Each line from the one containing "73 Platt St, Hornell, NY" to the end of the data must be copied exactly, the first and last included; no other lines and no pictures belong in the copy.
══ Information supplied ══
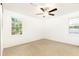 A carpeted bedroom includes windows, a ceiling fan, and neutral walls at 2730 Burtz Dr, Marietta, GA 30068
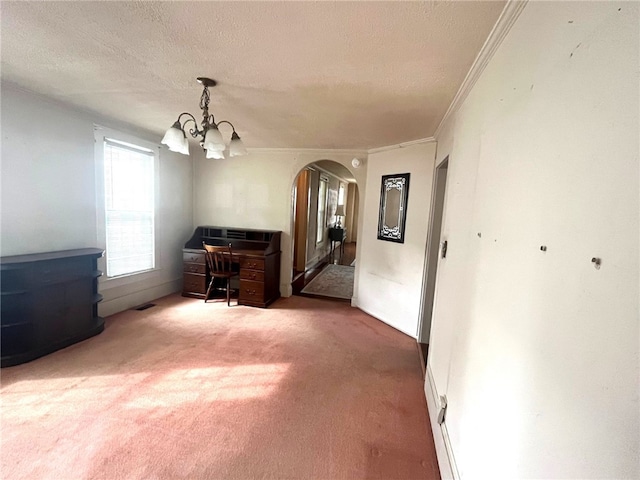 73 Platt St, Hornell, NY 14843 - unfurnished dining area with arched walkways, a chandelier, crown molding, carpet flooring, and a textured ceiling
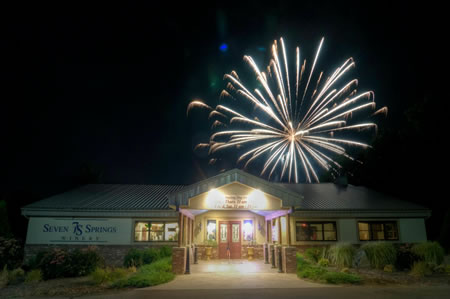Seven Springs Winery - outdoor photo, nighttime, of the exterior of the main winery building. Fireworks are visible in the sky above the building.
═══
## [Task solution]
 73 Platt St, Hornell, NY 14843 - unfurnished dining area with arched walkways, a chandelier, crown molding, carpet flooring, and a textured ceiling
Seven Springs Winery - outdoor photo, nighttime, of the exterior of the main winery building. Fireworks are visible in the sky above the building.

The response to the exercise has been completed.